An actual canvass made by this Station in the winter of 1906-7 shows there are in the Chautauqua grape belt at this time 30,000 acres of grapes. The census report of 1900 gave the number of vines for the county as 11,914,706, which at the usual number of vines per acre gives about 20,000 acres for the district. This figure was probably low, though that of the Station for 1907 may be somewhat high. The acreage is distributed in towns approximately as follows: Portland 9500; Westfield 5700; Ripley 5700; Pomfret 4600; Hanover 1950; Sheridan 1950; Dunkirk 600. A correspondent writes that the grape shipments for 1907 indicate a considerably larger acreage for the towns of Hanover and Sheridan than are here given. The average yield of grapes is a little less than two tons per acre for the region. The value of vineyards varies from $100 to $400 per acre.

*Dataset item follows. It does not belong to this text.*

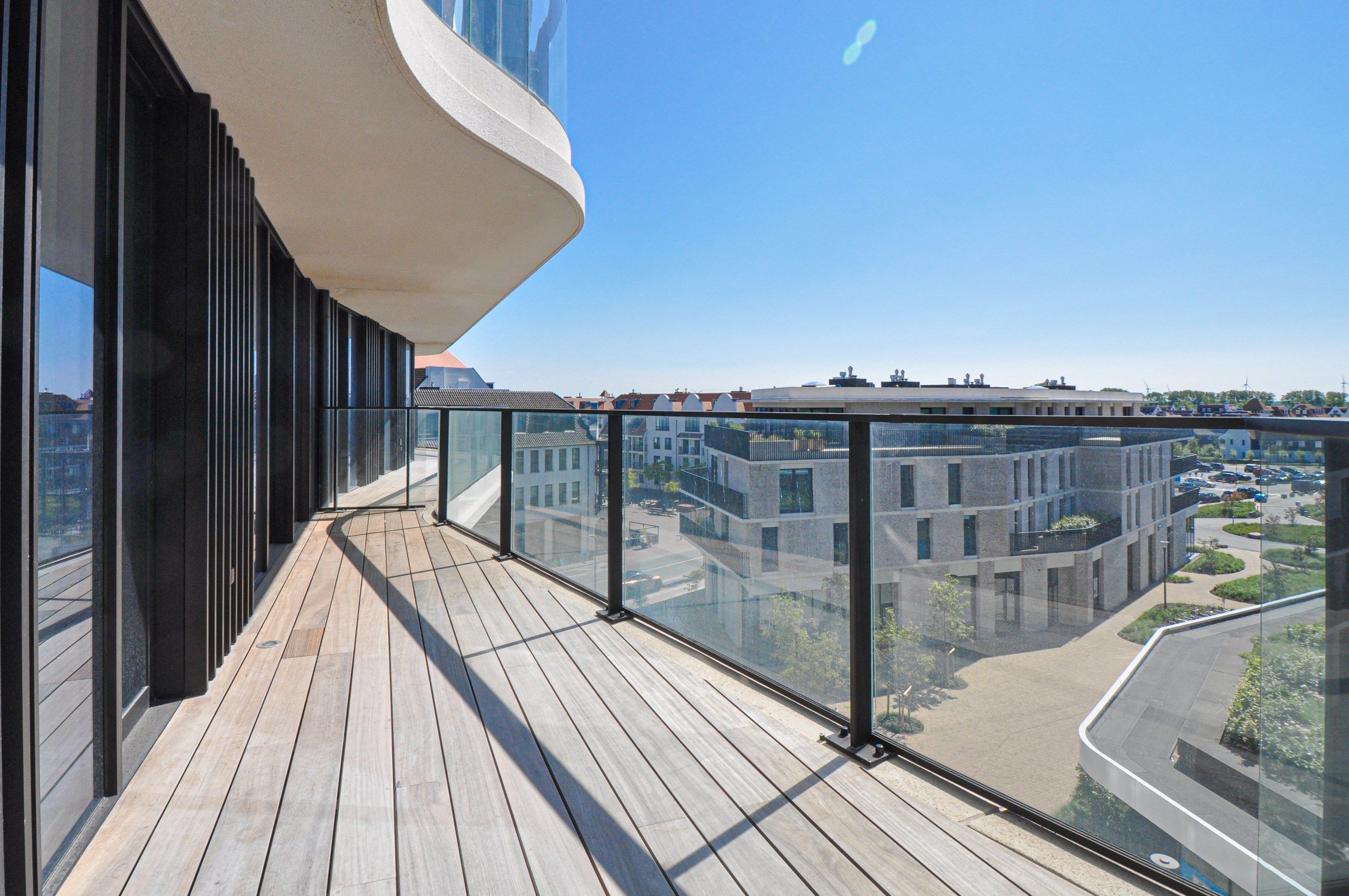 Nieuwbouwppartement met een ruim zonnig terras gelegen in The Tower. foto 9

The crop for the past seven years calculated by The Grape Belt[100] from figures secured from the railroads are as follows:

“Season of 19008000 carloads
“Season of 19016669 carloads
“Season of 19025062 carloads
“Season of 19032952 carloads
“Season of 19047479 carloads
“Season of 19055362 carloads
“Season of 19065634 carloads”

The seeming decrease in carloads shipped as the years progress is far more than made up by the greater use of the fruit in local wineries and grape juice factories.

According to figures gathered in the preparation of this work about 90 per ct. of the grape acreage of the region is set to Concord followed by 3 per ct. of Niagara, 2 per ct. of Worden and 1 per ct. each for Moore Early and Catawba with the remaining 3 per ct. made up of a dozen or more sorts among which Delaware leads.

The shipping season in this district begins early in September and lasts well into November though late varieties, as Catawba, and small lots of Concord are held some weeks longer. Improved storage facilities are yearly lengthening the season.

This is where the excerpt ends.